A place of Christian worship has occupied this site since probably the 4th century. Notre Dame itself dates from the 12th century – obviously since then there have been alterations, additions, refurbishments, renovations and repairs. The flying buttresses were added in the 13th century, and then strengthened again in the 14th. The Cathedral suffered damage at various times – Huguenot riots, the Revolution, the street fighting during the Liberation. The spire which collapsed in the blaze yesterday was from the 19th century.
That most glorious church of the most glorious Virgin Mary, mother of God, deservedly shines out, like the sun among stars. And although some speakers, by their own free judgment, because [they are] able to see only a few things easily, may say that some other is more beautiful, I believe however, respectfully, that, if they attend more diligently to the whole and the parts, they will quickly retract this opinion. Where indeed, I ask, would they find two towers of such magnificence and perfection, so high, so large, so strong, clothed round about with such a multiple variety of ornaments? Where, I ask, would they find such a multipartite arrangement of so many lateral vaults, above and below? Where, I ask, would they find such light-filled amenities as the many surrounding chapels? Furthermore, let them tell me in what church I may see such a large cross, of which one arm separates the choir from the nave. Finally, I would willingly learn where [there are] two such circles, situated opposite each other in a straight line, which on account of their appearance are given the name of the fourth vowel [O] ; among which smaller orbs and circlets, with wondrous artifice, so that some arranged circularly, others angularly, surround windows ruddy with precious colors and beautiful with the most subtle figures of the pictures. In fact I believe that this church offers the carefully discerning such cause for admiration that its inspection can scarcely sate the soul.”— Jean de Jandun, Tractatus de laudibus Parisius[
For me, Notre Dame has other connotations. In this place, inspired by this place, composers such as Léonin and Perotin wove extraordinary, other-worldly sounds with human voices, using the acoustics of the cathedral to worship God in song. The idea of polyphony was regarded with suspicion by some – the fear was that the listeners would be swept away by the beauty of the sounds and forget to take heed of the words:
Bad taste has, however, degraded even religious worship, bringing into the presence of God, into the recesses of the sanctuary a kind of luxurious and lascivious singing, full of ostentation, which with female modulation astonishes and enervates the souls of the hearers. When you hear the soft harmonies of the various singers, some taking high and others low parts, some singing in advance, some following in the rear, others with pauses and interludes, you would think yourself listening to a concert of sirens rather than men, and wonder at the powers of voices … whatever is most tuneful among birds, could not equal. Such is the facility of running up and down the scale; so wonderful the shortening or multiplying of notes, the repetition of the phrases, or their emphatic utterance: the treble and shrill notes are so mingled with tenor and bass, that the ears lost their power of judging. When this goes to excess it is more fitted to excite lust than devotion; but if it is kept in the limits of moderation, it drives away care from the soul and the solicitudes of life, confers joy and peace and exultation in God, and transports the soul to the society of angels.
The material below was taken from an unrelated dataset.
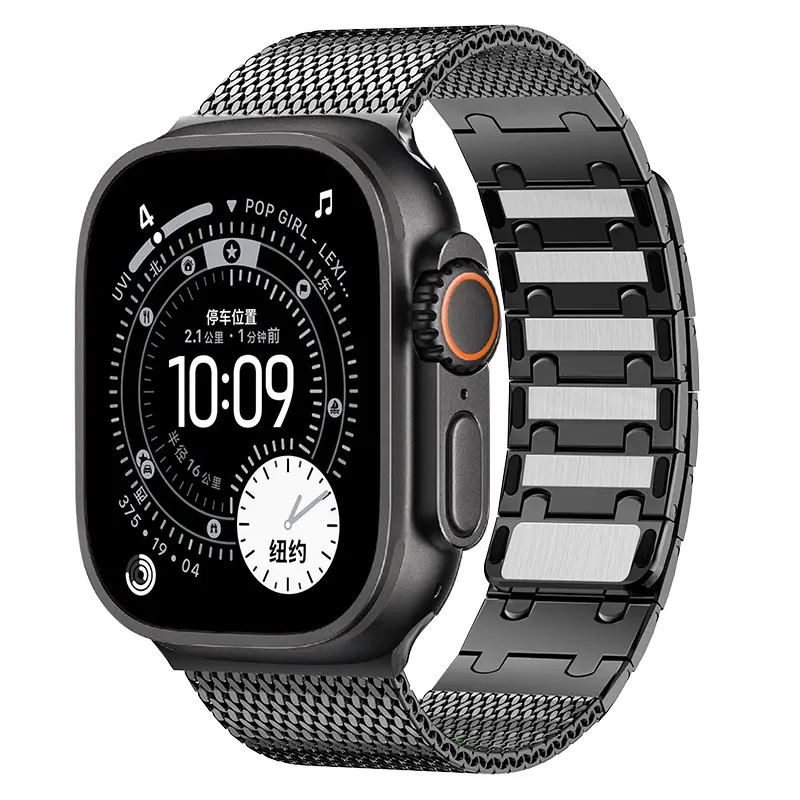Correa milanesa sólida Apple Watch (negro)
John of Salisbury (1938) [1159]. Pike, Joseph B, ed. Policraticus, sive de nugis curialium et de vestigiis philosophorum [Frivolities of courtiers and footprints of philosophers: being a translation of the first, second, and third books and selections from the seventh and eighth books of the Policraticus of John of Salisbury]
It is deeply touching that the response of Parisians to the sight of this place, so deeply a part of their (and our) culture and history, engulfed in flames, was to sing.
• «Tous les yeux s’étaient levés vers le haut de l’église. Ce qu’ils voyaient était extraordinaire. Sur le sommet de la galerie la plus élevée, plus haut que la rosace centrale, il y avait une grande flamme qui montait entre les deux clochers avec des tourbillons d’étincelles…»
Victor Hugo, Notre-Dame de Paris (1831).
One is not, sadly, surprised to note not only an outbreak of ‘whataboutery’ (as if those of us who care about the damage to this beautiful place must therefore not care about, for example, the burning of black churches in Louisiana) but a rush to blame, to line up the usual suspects. I won’t dignify the latter with any further words.
Notre Dame will be rebuilt. Notre Dame will survive. Notre Dame reminds us how extraordinary human beings are. That we can imagine and create something like this, envisage something bigger and finer and more beautiful than we have ever seen and then make it reality. That we can hear the way sound echoes in the vaulted roof and creates harmonics, and compose music – and systems of notation which enable us to see and study and play that music today – to glorify God with many voices weaving together. Many voices, making harmony. That we could do those things must surely give us hope for humanity.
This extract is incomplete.